Linking: putting a program together

A program is a bunch of code and data (variables, which may be initialized or uninitialized). For a program to execute as a process, it has to be loaded into memory via a program loader. The executable file that contains the program consists of several sections that identify different regions of the program and where they should be loaded into memory. Common regions include executable code ("text"), initialized variables ("data"), and zero-filled variables ("bss"). Some executable files also contain sections for storing an application icon, language-specific strings, and digital signatures to validate that the file has not been modified. In addition to making room for these memory-resident sections, the program loader will have to allocate an area of memory for the program's stack, which stores return addresses of called functions, saved registers, and local variables and define an area for a heap, which stores dynamic requests for memory (e.g., malloc/free).

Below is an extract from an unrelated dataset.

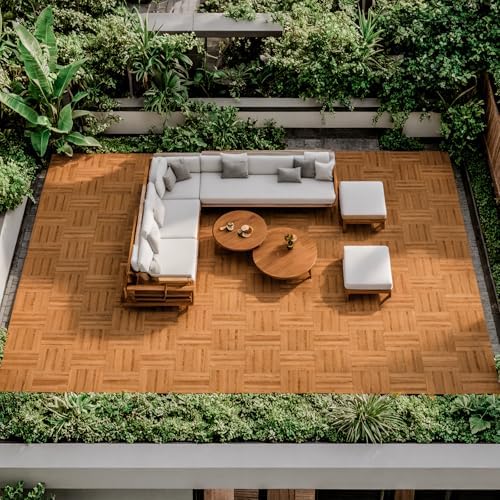 Solid Acacia Wood Interlocking Deck Tiles Snap Together Floor - Image 2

Complete programs are rarely compiled from a single file of code. In most cases, the program makes use of functions and variables that are external to the code in the file. For example, in C one is likely to use a printf function or system calls within a program. Neither of these are implemented by the user. Instead, they are located in libraries. If a program is compiled from several files, one file may refer to functions in another file and the other file may, for example, make references to global variables in the first file. The separately-compiled files are linked together to create the final executable file. Note that an executable program does not use symbol names; everything is be referred to by a memory address.

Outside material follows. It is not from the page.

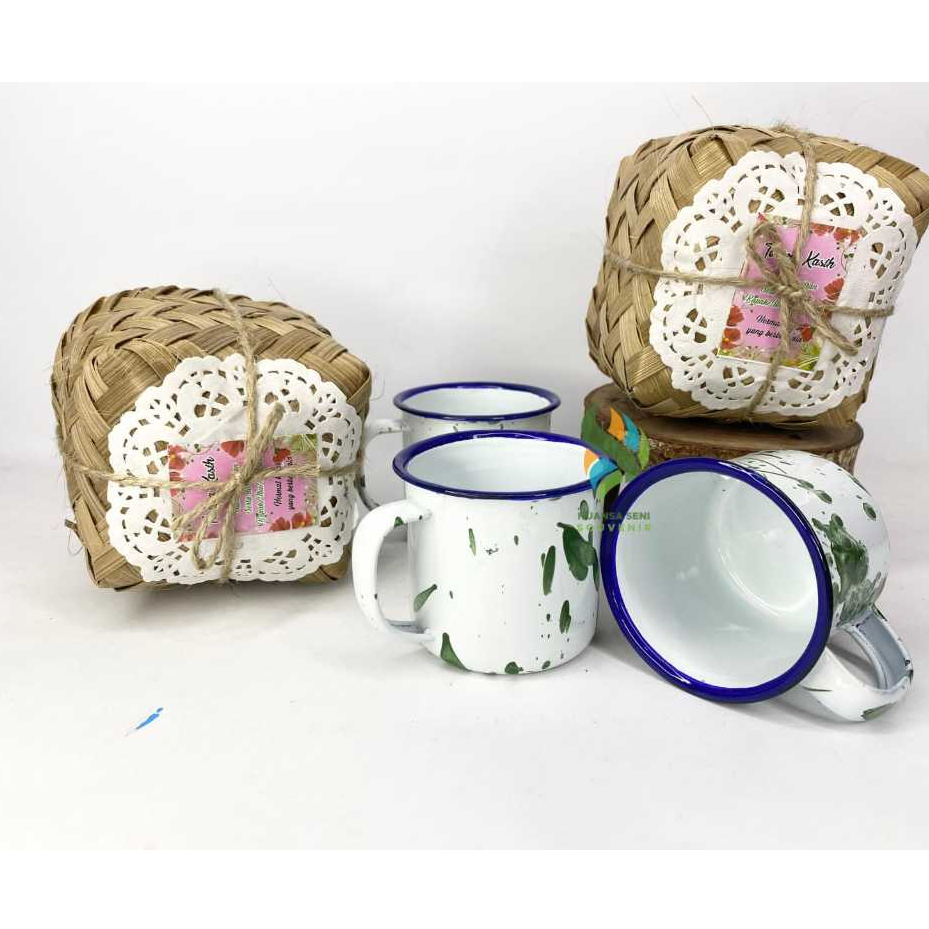 Souvenir Cangkir Enamel 6cm Gelas Minum Gagang Kaleng Blurik Mug Kopi Teh Motif Jadul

To handle the fact that an executable program will be assembled from several files, the compiler generates a a symbol table along with the compiled code for each file that it compiles. This symbol table contains textual names of functions and variables, their values (e.g., memory location or offset), if known, and a list of places in the code where the symbol is referenced. The job of a linker is to match up references to unknown symbols from compiled files (object file) with their known counterparts in another object file and generate a final executable file. The linker may also be provided with a library file, which is simply an archive (bundle, or collection) of object files that were generated from multiple source program files. The linker then searches through the archive to find the specific object modules that contain the symbols that need to be resolved (for example, the definition of printf). This entire process is called static linking. All symbols are resolved by the linker and any needed components from libraries are copied into the final executable file.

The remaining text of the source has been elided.